Researching the geologic setting of a site is the starting point for every groundwater exploration program. Studying available geologic maps and conducting geologic mapping on site give an understanding of the type of rocks in the subsurface, and provide clues as to occurrence and geometric orientation of structural features such as joints, faults and fractures that may serve as conduits for water.
Fracture Trace Analysis
Water-bearing fractures in the underground bedrock represent geologic discontinuities that are commonly expressed in soils and topography at the surface. The traces of these discontinuities manifest themselves as subtle linear features that are visible to the trained eye on aerial photographs and topographic maps. The discipline of fracture trace analysis involves identifying these features on maps and photographs, and conducting statistical analysis to determine possible relationship to known bedrock structural elements such as joints, faults, schistosity and bedding planes.

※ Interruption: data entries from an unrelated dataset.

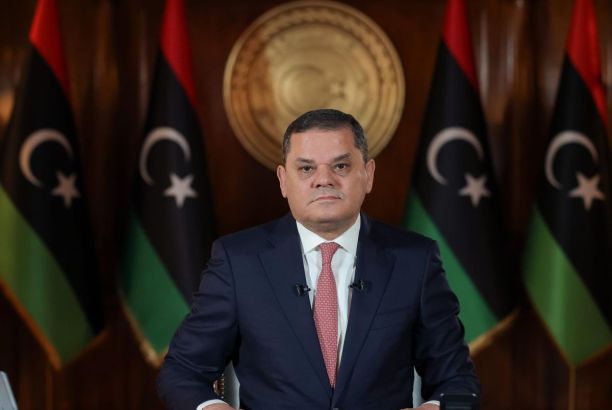 تاياني يقترح مراكز مهاجرين بإدارة أممية في جنوب ليبيا والنيجر وتشاد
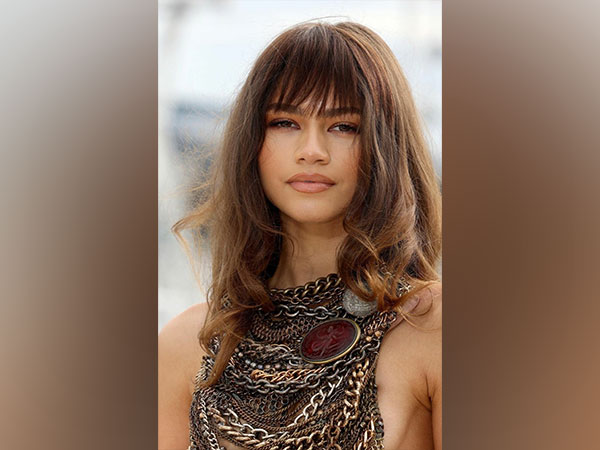 Zendaya (Image source: Instagram)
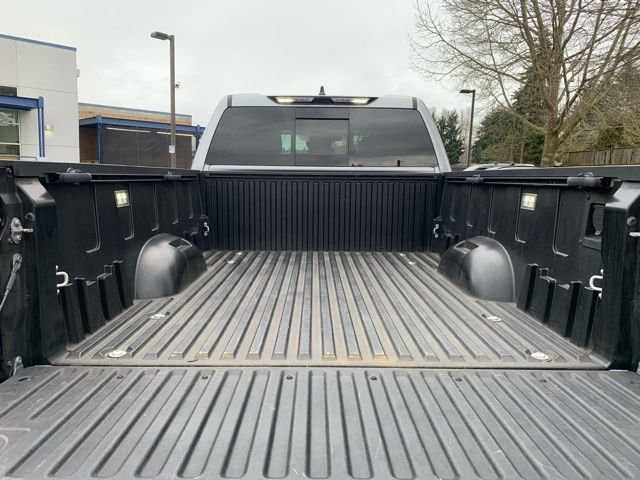 Used 2022 Toyota Tundra Limited image 5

It is critical to integrate knowledge of the local rock structure with fracture trace analysis in order to achieve success. Some fracture traces relate to elements such as schistosity or bedding planes that are not always favorable to groundwater flow. Other elements, such as those related to joints and faults, are more likely to correlate presence of groundwater, and give favorable drilling targets.
Geophysical exploration involves the use of one or more of several available survey techniques to obtain subsurface data that indicate the presence or absence of groundwater. Technologies are evolving rapidly. At present, the most effective tool for use in crystalline rocks of the southeastern US is a geophysical technology called electrical resistivity survey.